“Les mesures anti-canicules peuvent être contradictoires avec les mesures barrière destinées à maîtriser l’épidémie de Covid-19. Sur les lieux de travail, des arbitrages devront être réalisés par les employeurs.”

Si les entreprises sont généralement bien rodées à la prévention des risques liés aux fortes chaleurs d’été, cette année elles devront également compter avec les risques de contaminations induits par la pandémie de Covid-19. Si bien que de nombreuses mesures de protection contre la chaleur doivent impérativement être adaptées à ce nouveau contexte. Voici une mise à jour des actions à entreprendre pour concilier la prévention des risques liés aux fortes chaleurs avec les précautions requises pour éviter la propagation du virus.

1.Évaluer les risques liés à la chaleur en intégrant le paramètre Covid-19

“Les risques professionnels induits par les conditions climatiques et leur prévention doivent être pris en compte dans votre document unique et l’organisation du travail doit être adaptée en conséquence”, rappelle l’INRS. Traditionnellement, cette évaluation repose sur la prise en compte de trois facteurs de risques :

Les facteurs climatiques. La météo est bien sûr le premier élément à prendre en compte. La chaleur peut constituer un risque pour la santé des travailleurs au-delà de 30 °C pour une activité de bureau et de 28 °C pour un travail physique.

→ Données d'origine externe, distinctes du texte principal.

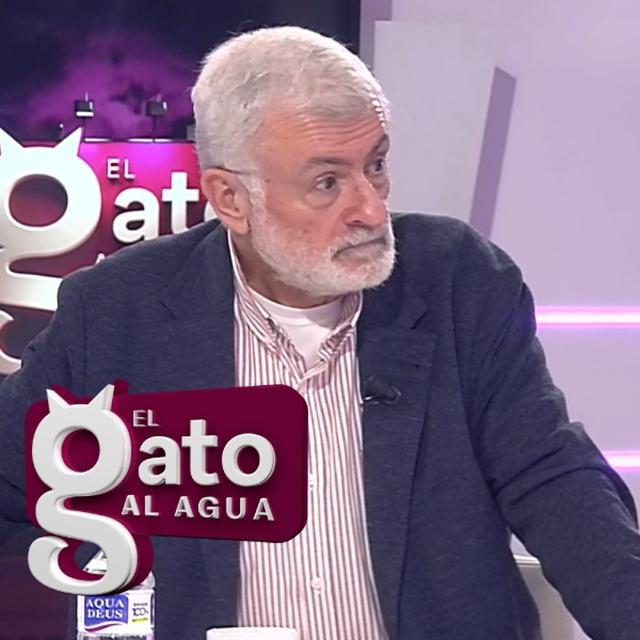 El Gato al Agua | 11/12/24 - podcast episode cover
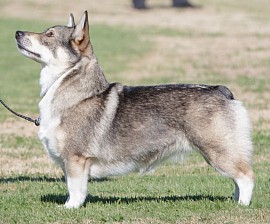 Pictured at 2 years old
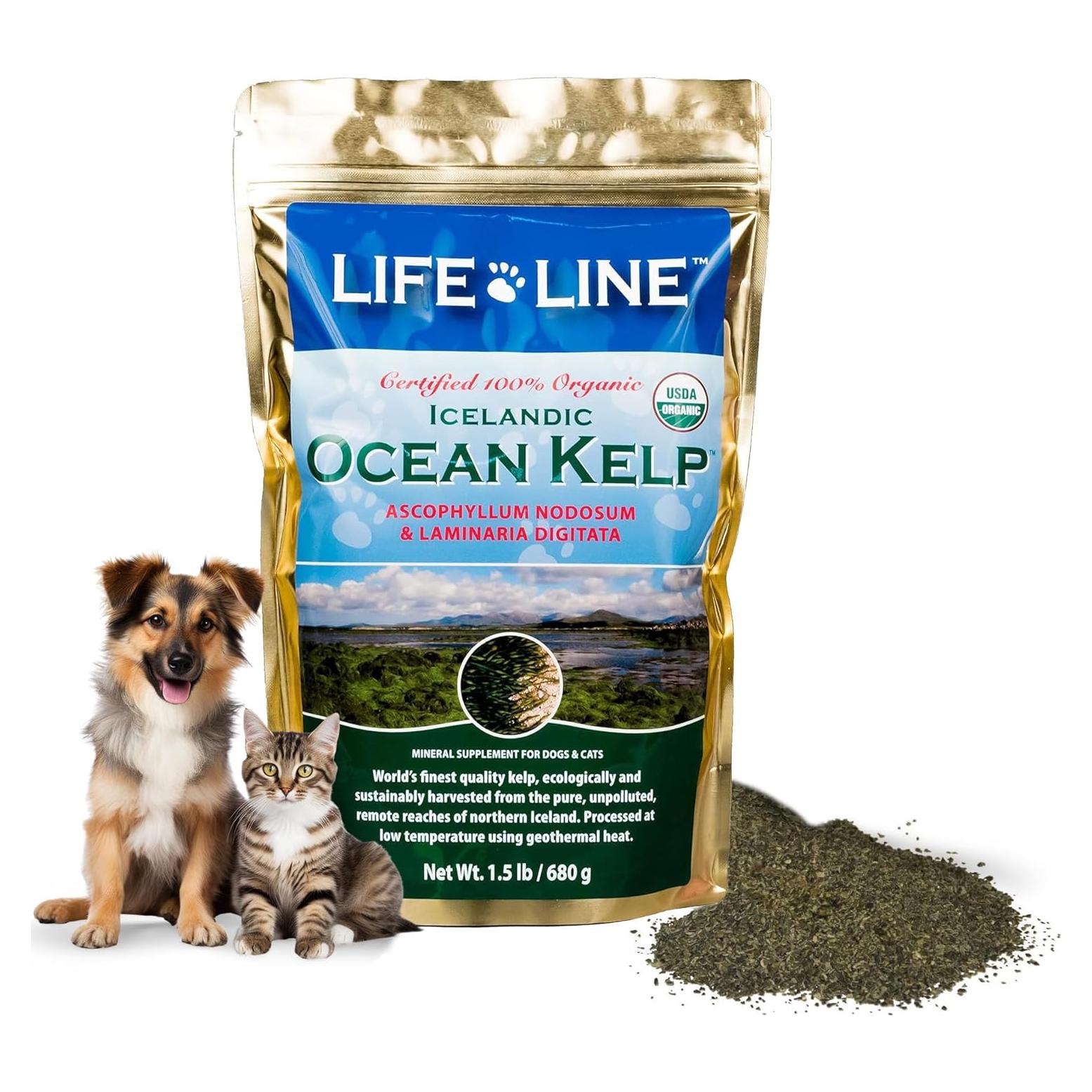 Organic Ocean KELP 1.5 LB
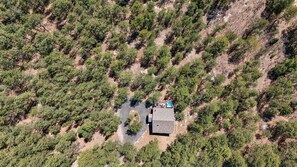 Exterior - Secluded Cozy Cabin /Hot Tub/ Private Mountain Retreat (Monument)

Les facteurs à la nature du travail accompli. L’exécution de tâches physiques pénibles, l’accentuation de l’exposition à la chaleur par un travail extérieur, en plein soleil, à proximité de sources de chaleur ou dans une ambiance humide constituent, par exemple, des facteurs aggravants.

Les facteurs liés aux personnes. Certaines caractéristiques individuelles peuvent majorer les risques. Les effets de la chaleur sont plus importants sur les personnes âgées de plus de 55 ans, les femmes enceintes et les individus atteints d’obésité. Enfin, la chaleur est d’autant plus difficile à supporter lors des huit à douze premiers jours d’exposition à celle-ci.

ADAPTATION COVID-19

À ces facteurs de risques traditionnels, il conviendra d’adjoindre ceux qui peuvent résulter des mesures prises pour lutter contre les risques de contamination à la Covid­19. Ainsi, pour ne prendre qu’un exemple, le port du masque, nécessaire à certains postes de travail, rend bien plus difficile l’adaptation de l’organisme à la chaleur. Ce facteur devra donc être intégré dans l’évaluation des risques et pris en compte dans les mesures de prévention comme il l’était précédemment pour les autres équipements de protection individuelle (EPI) mal adaptés à la chaleur.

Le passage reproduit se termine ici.